One of the mentioned international actors in both cities is the former real estate branch of the French Auchan company, Immochan, which transformed in 2018 into Ceetrus, owned by the Mulliez Family Association. Ceetrus defined itself not as a simple retail company but as an urban developer implementing projects with mixed functions (retail, housing, and office), being the owner of a diverse global property portfolio. Merging with Nodi in 2021, Ceetrus became part of a new mixed-use property management and development services company, Nhood. In Brașov, Ceetrus started its businesses in 2010, buying the 120 hectares of Uzina Tractorul industrial real estate: it first made the Coresi Shopping Resort; afterward, together with a local developer (Kasper Development), it built the Coresi Residential District; and finally, in 2017, created the Coresi Business Park that started via purchasing the office buildings of Ascenta Management. In 2020, Ceetrus announced that it started an urban regeneration project in Reșița on the former 36 hectares large Mociur platform of Combinatul Metalurgic Reșița, in its socialist past being one of the most productive steel factories in the country. This announcement referred to the success of the Tractorul-Coresi real estate development from Brașov. Furthermore, it defined it as a model of community regeneration to be followed in other cities and even smaller towns, which were the least likely places to host such big real estate developments and transnational companies.

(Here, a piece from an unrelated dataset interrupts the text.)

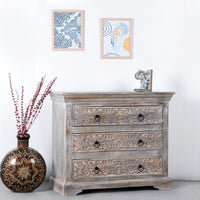 Tiva Wooden Rustic Chest of Drawers (Grey Distress)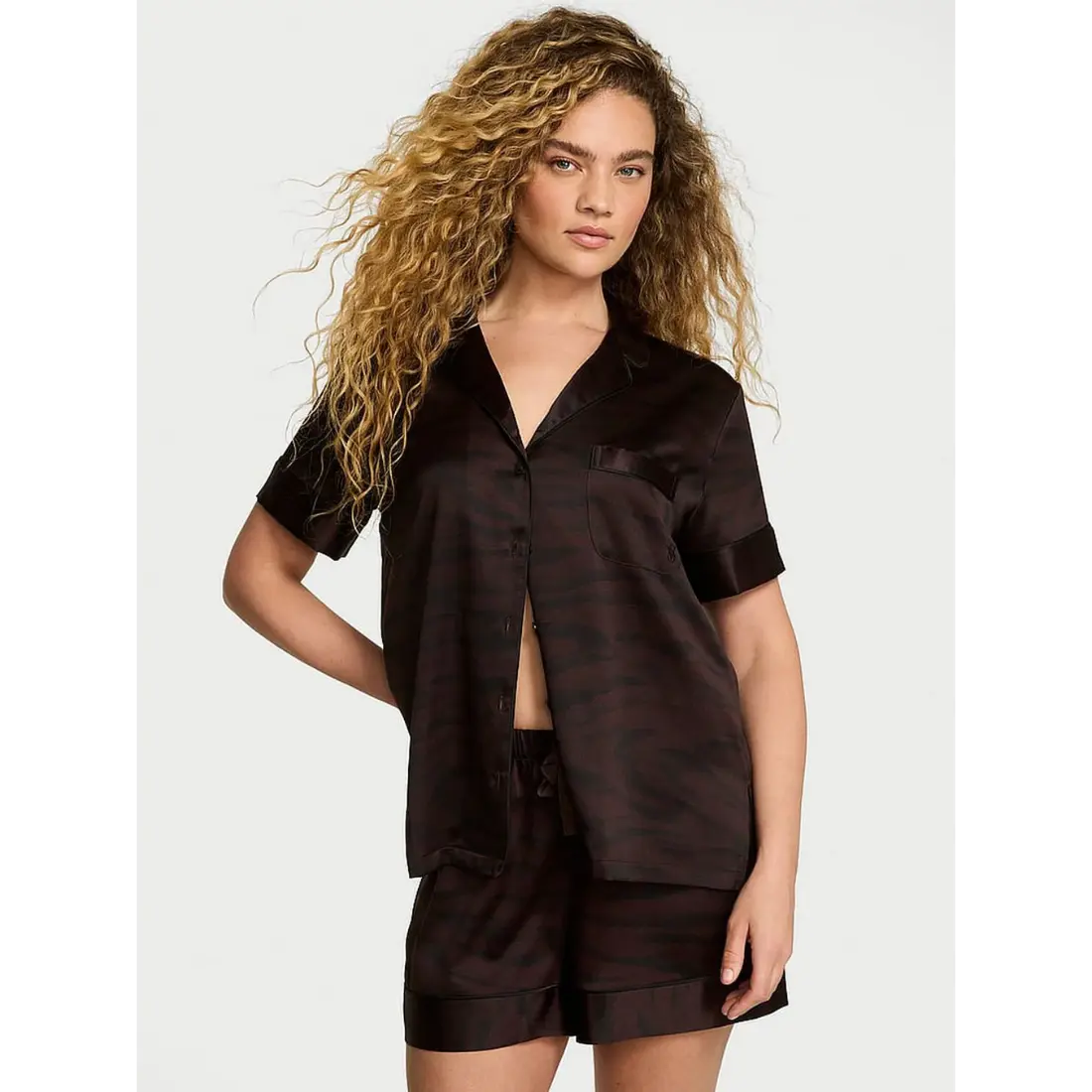 Сатинова піжама Victoria's Secret Ganache Tiger з шортами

The second international actor in both cities under our scrutiny is the World Bank. Via its developmental consultancy role played in Romania at the national and local levels, it supported the City Halls of both Brașov and Reșița with some policy tools for urban development. The WB discourse about a new urban politics – elaborated around concepts such as competitive cities, magnet cities, cities as engines of economic development, or urban regeneration – became one of the most influential factors of public policies in Romania [1] after setting up the urban agenda of the 1990s for the developing countries across the globe [2]. In Romania, this happened following the 1990s and 2000s. Priorly, the organization played an essential role in privatizing industrial platforms across the country, which in most cases led to their liquidation.

In addition, our paper aims to highlight how the local governments, under the impact of the foreign investor and the international financial organization mentioned above, are reinventing themselves as embodiments of entrepreneurial governance. Their objective is to actively contribute to the co-creation of the cities, which are supposed to be revitalized after the collapse of state socialism by attracting (foreign) investors and a middle class ready to consume the expensive new real estate developments. These efforts happen under conditions where local budgets are constituted mainly through property and corporate taxes, dependent on capitalist economic growth. Following two strategies, Reșița City Hall promises to transform the former proletarian town into a ’boutique’ city dedicated to the aspiring middle class. On the one hand, it seeks to be a direct investor in the brownfields it owns; on the other hand, it enters public-private partnerships to attract foreign direct investments to regenerate former industrial platforms. In turn, Brașov City Hall supported the transformation of the former Tractorul company into the Coresi real estate development via some infrastructural works within the area. Moreover, it continued supporting it with plans to create a green recreational zone in the Northern vicinity of the Coresi district. The latter is on another to-be-regenerated industrial platform (Rulmentul Brașov, a former bearing manufacturer in Romania), where City Hall is the principal property owner and is advised by the World Bank in this effort.

In both cases, one may observe the endeavor of the local governments to assume a more active role in urban planning than they did in the prior decades when they reduced themself to authorizing private urbanistic plans. Nevertheless, in parallel with this, their understanding of public interest and collaboration with private actors are also changing. Noticing this makes us wonder about the political alternatives to neoliberal urbanism and governance within capitalism and beyond.